Problem details: The lines from the one containing "FC Barcelona B7084" through the final line of the listing below are what the answer must repeat, exactly and only, leaving pictures out.

*****

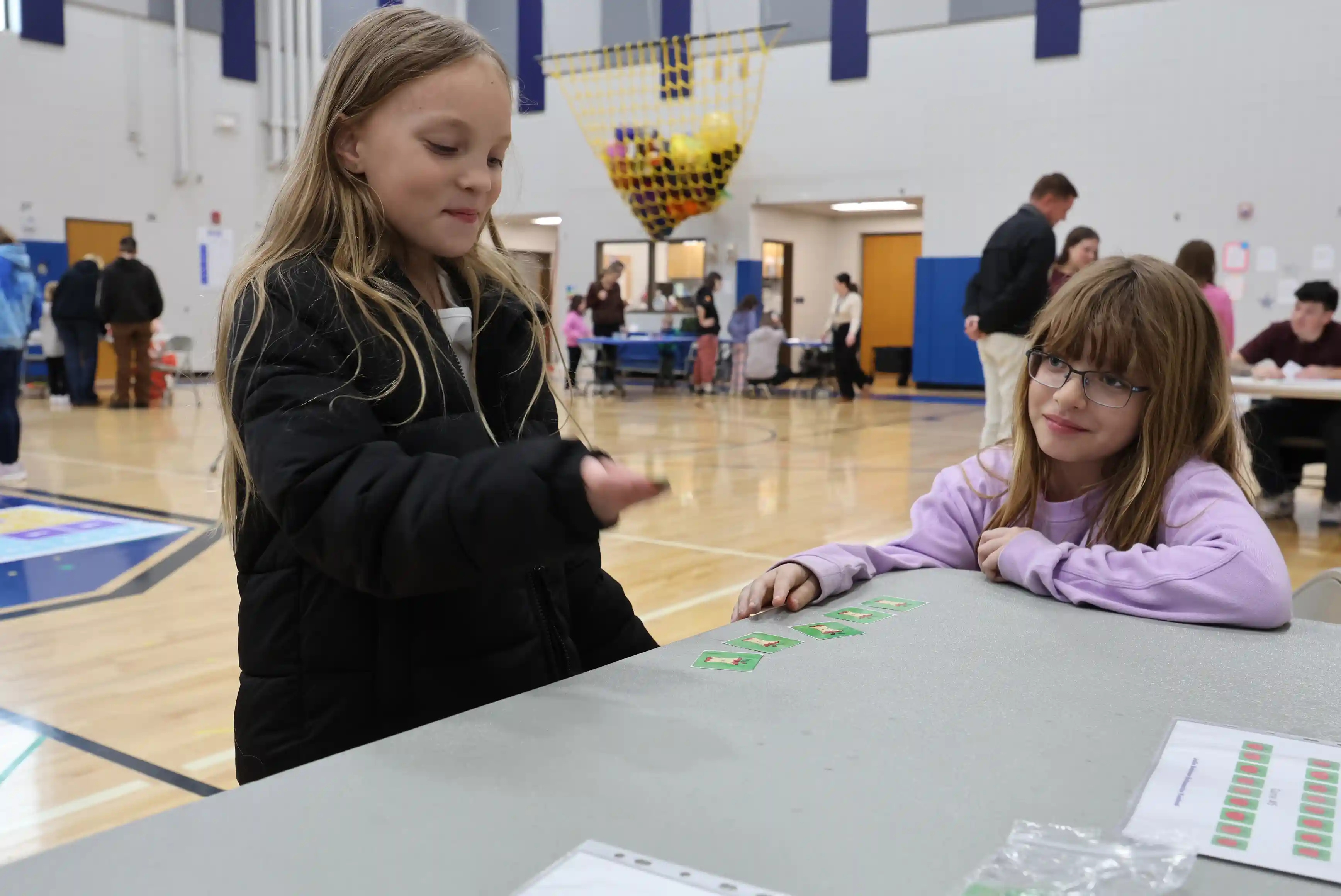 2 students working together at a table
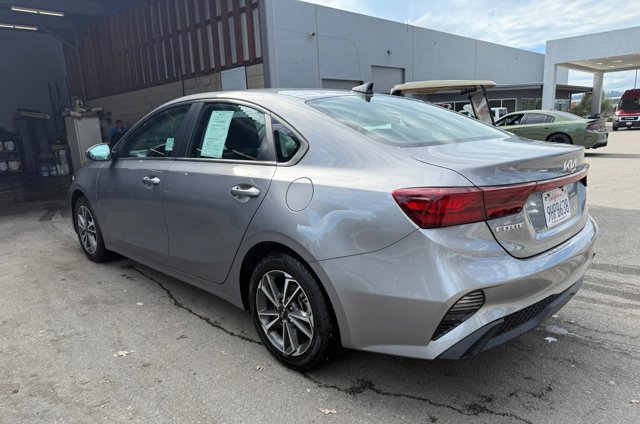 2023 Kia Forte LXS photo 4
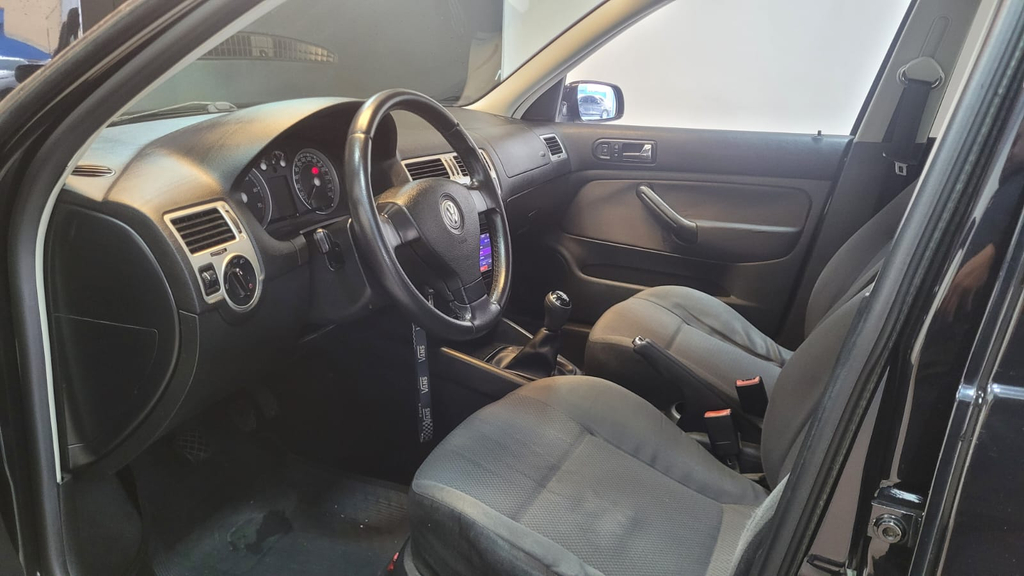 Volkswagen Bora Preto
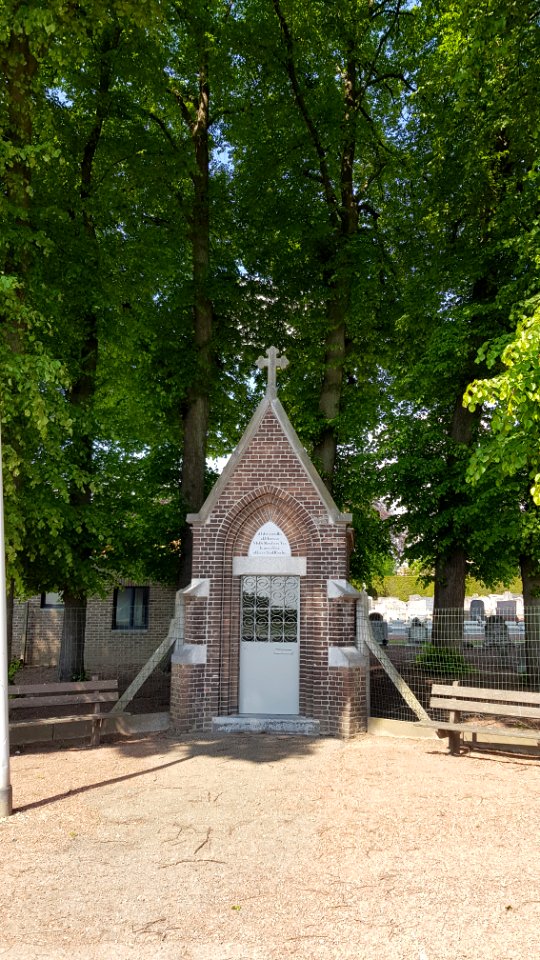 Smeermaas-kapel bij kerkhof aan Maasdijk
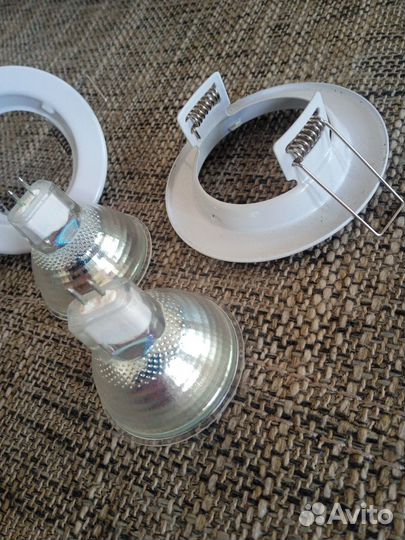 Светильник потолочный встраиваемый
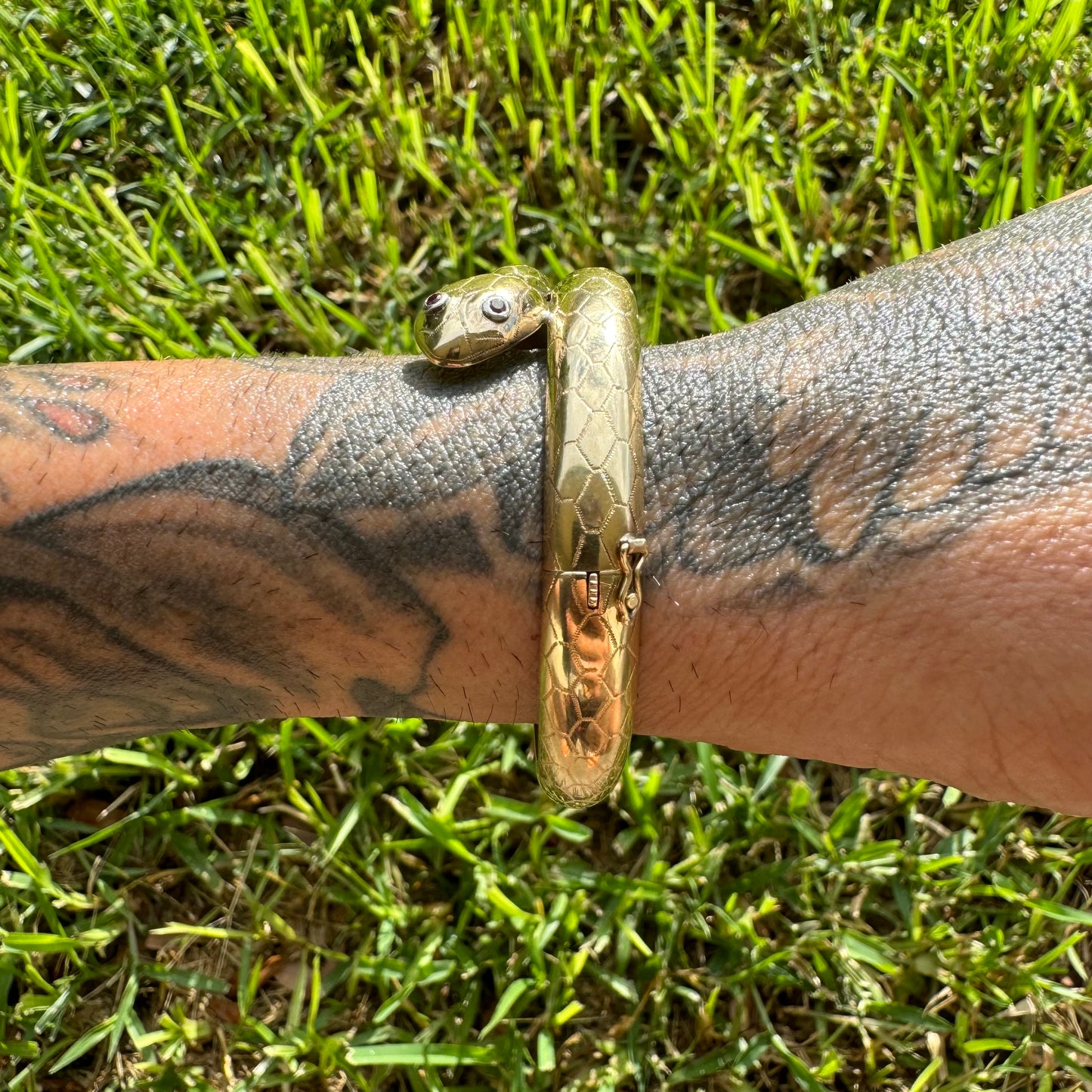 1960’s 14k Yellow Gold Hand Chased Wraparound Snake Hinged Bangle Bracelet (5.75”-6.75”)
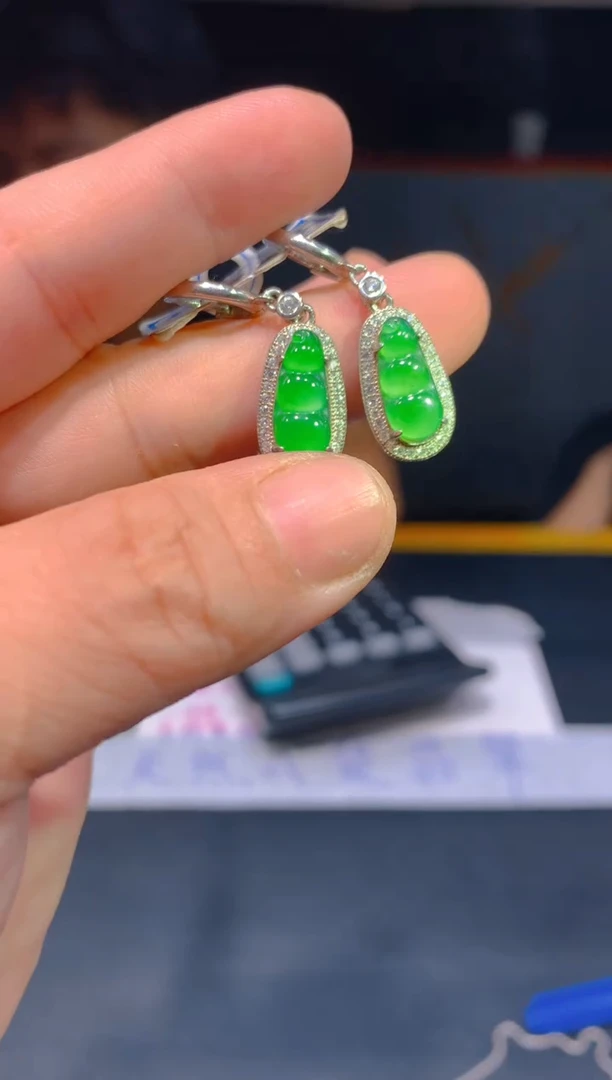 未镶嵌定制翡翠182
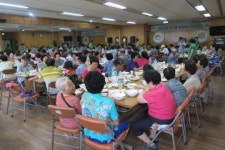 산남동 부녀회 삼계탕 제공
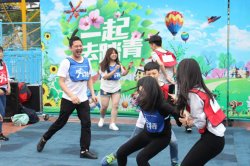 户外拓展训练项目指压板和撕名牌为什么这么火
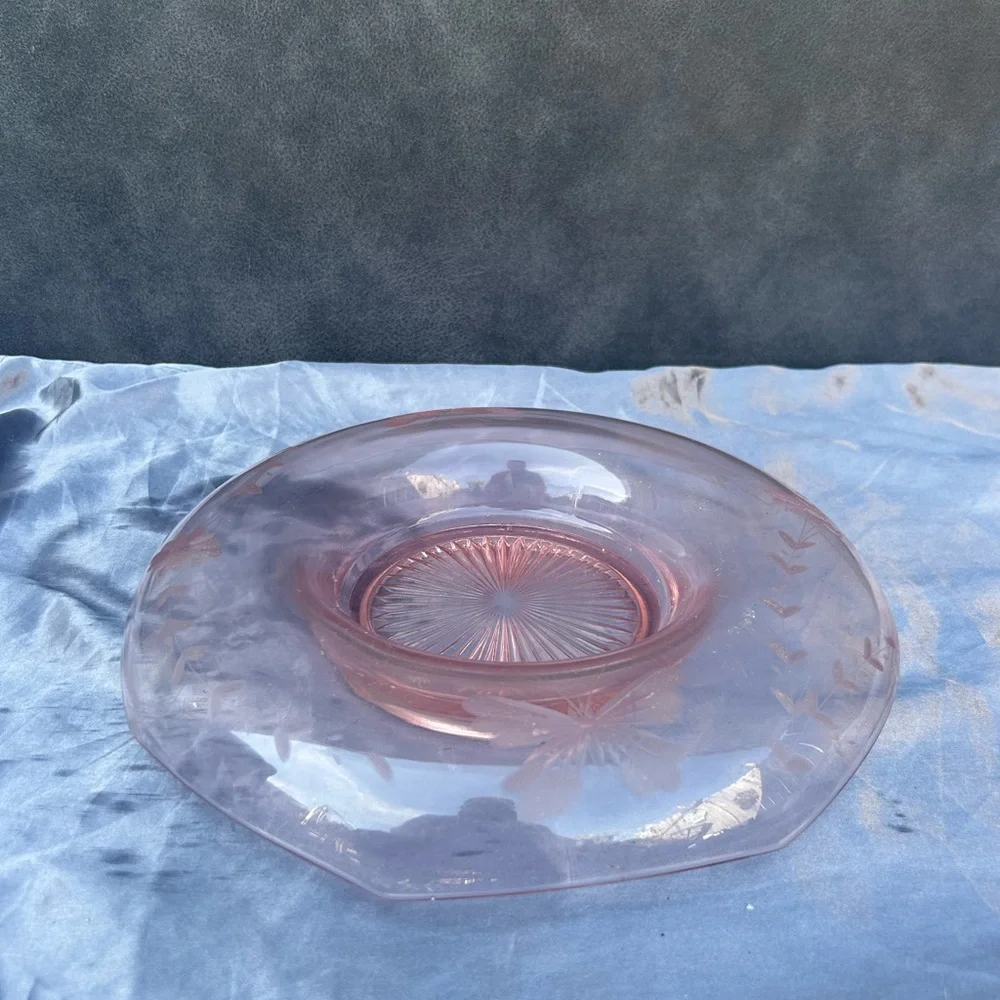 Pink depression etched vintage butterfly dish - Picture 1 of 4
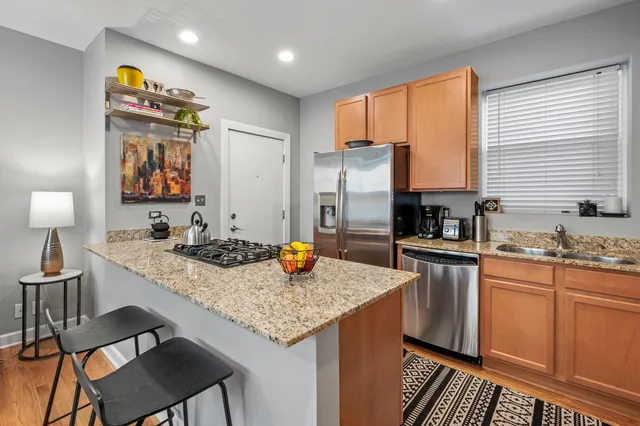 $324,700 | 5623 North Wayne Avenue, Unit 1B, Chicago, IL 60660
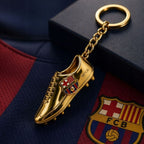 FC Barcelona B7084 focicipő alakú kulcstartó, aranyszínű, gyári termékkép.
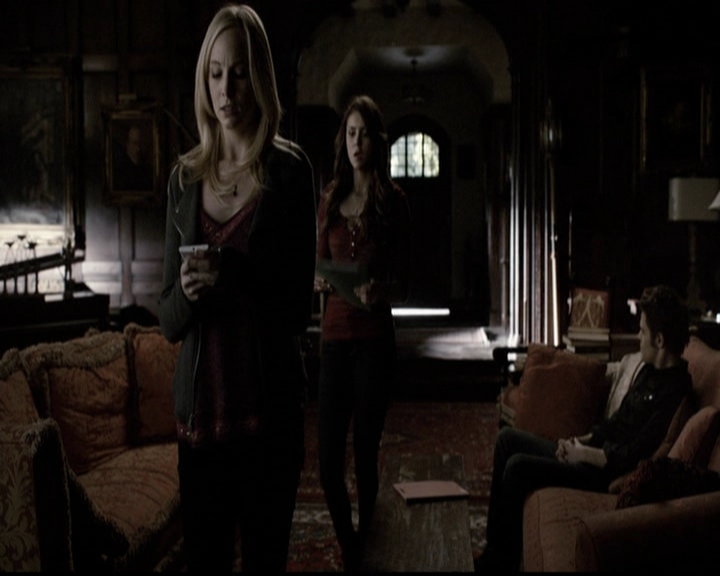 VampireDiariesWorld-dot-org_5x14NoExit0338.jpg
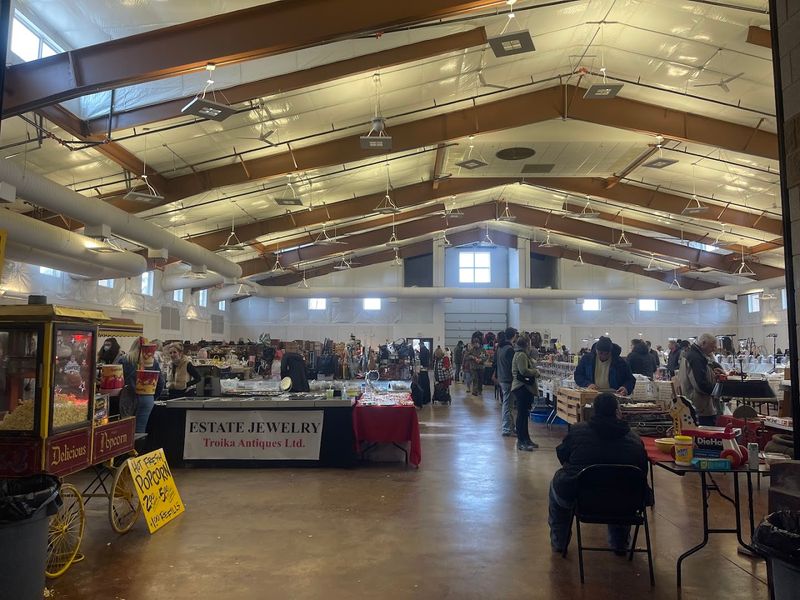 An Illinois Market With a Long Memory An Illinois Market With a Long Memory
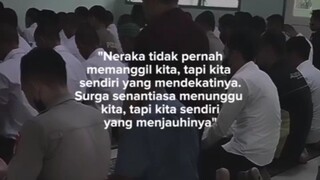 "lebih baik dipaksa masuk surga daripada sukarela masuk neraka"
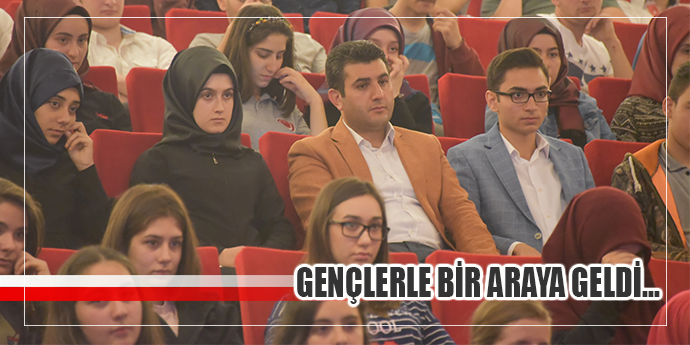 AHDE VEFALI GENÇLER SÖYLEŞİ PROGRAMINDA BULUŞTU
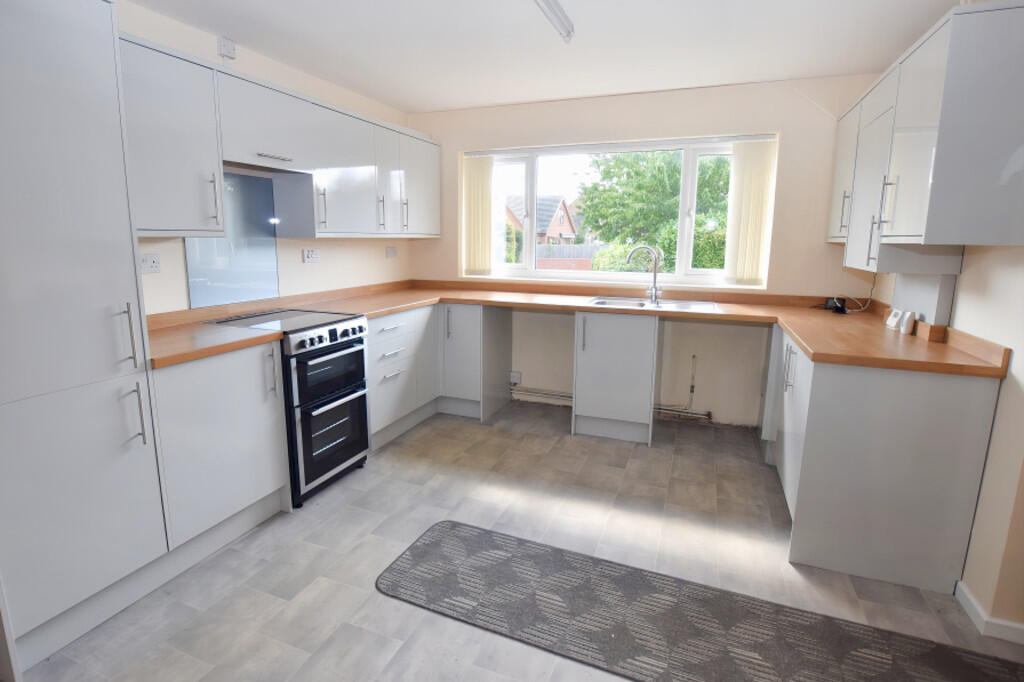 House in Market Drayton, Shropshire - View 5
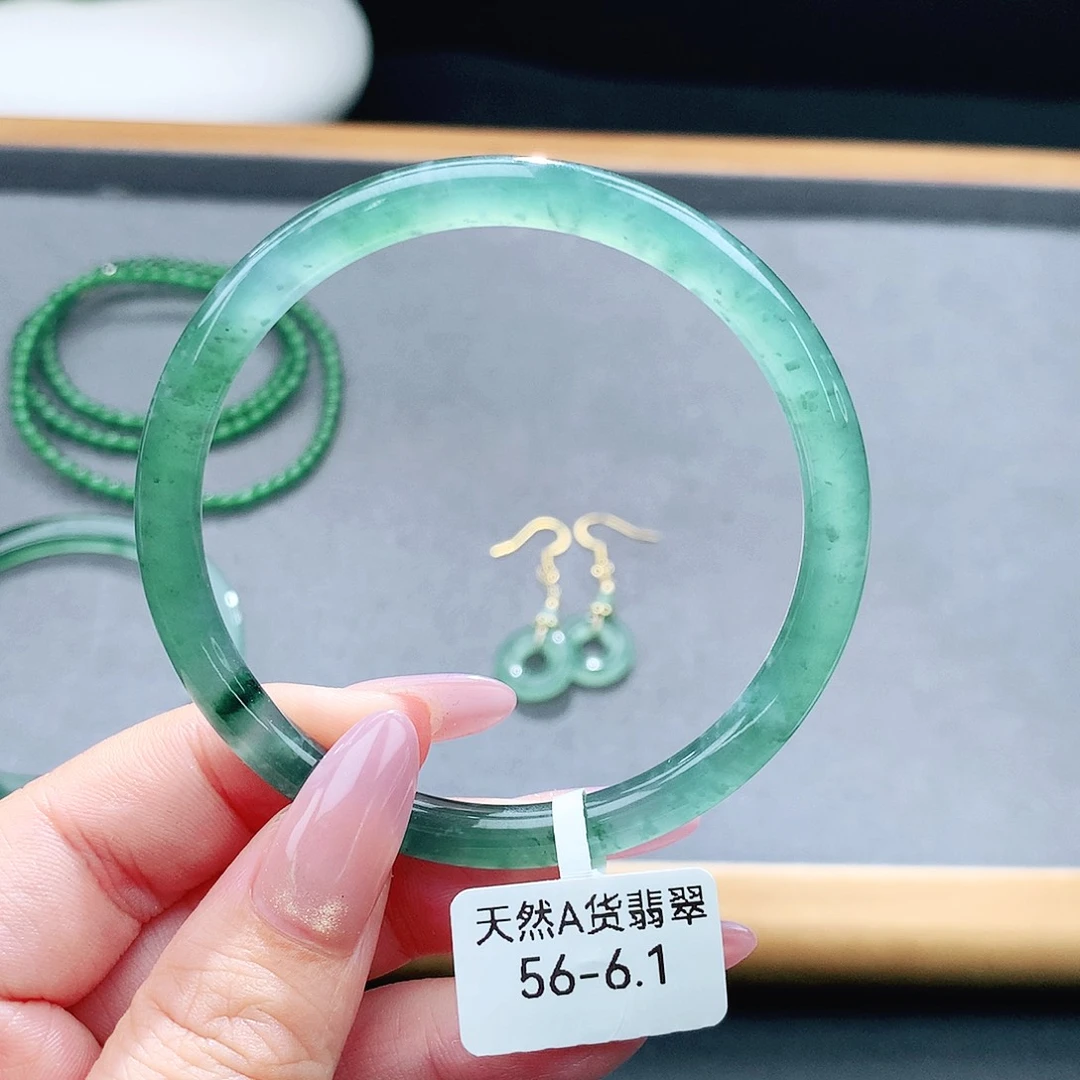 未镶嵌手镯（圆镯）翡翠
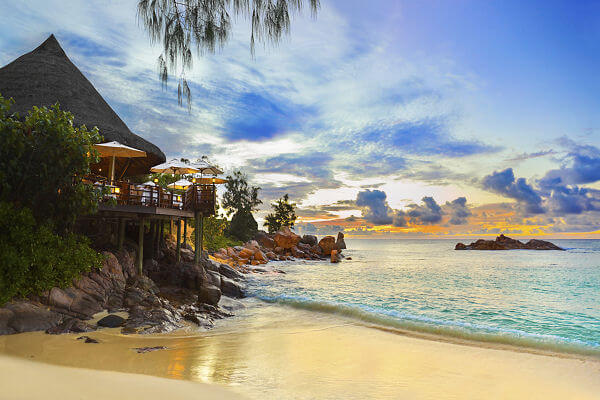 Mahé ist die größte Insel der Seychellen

*****

Response below:
 FC Barcelona B7084 focicipő alakú kulcstartó, aranyszínű, gyári termékkép.
 VampireDiariesWorld-dot-org_5x14NoExit0338.jpg
 An Illinois Market With a Long Memory An Illinois Market With a Long Memory
 "lebih baik dipaksa masuk surga daripada sukarela masuk neraka"
 AHDE VEFALI GENÇLER SÖYLEŞİ PROGRAMINDA BULUŞTU
 House in Market Drayton, Shropshire - View 5
 未镶嵌手镯（圆镯）翡翠
 Mahé ist die größte Insel der Seychellen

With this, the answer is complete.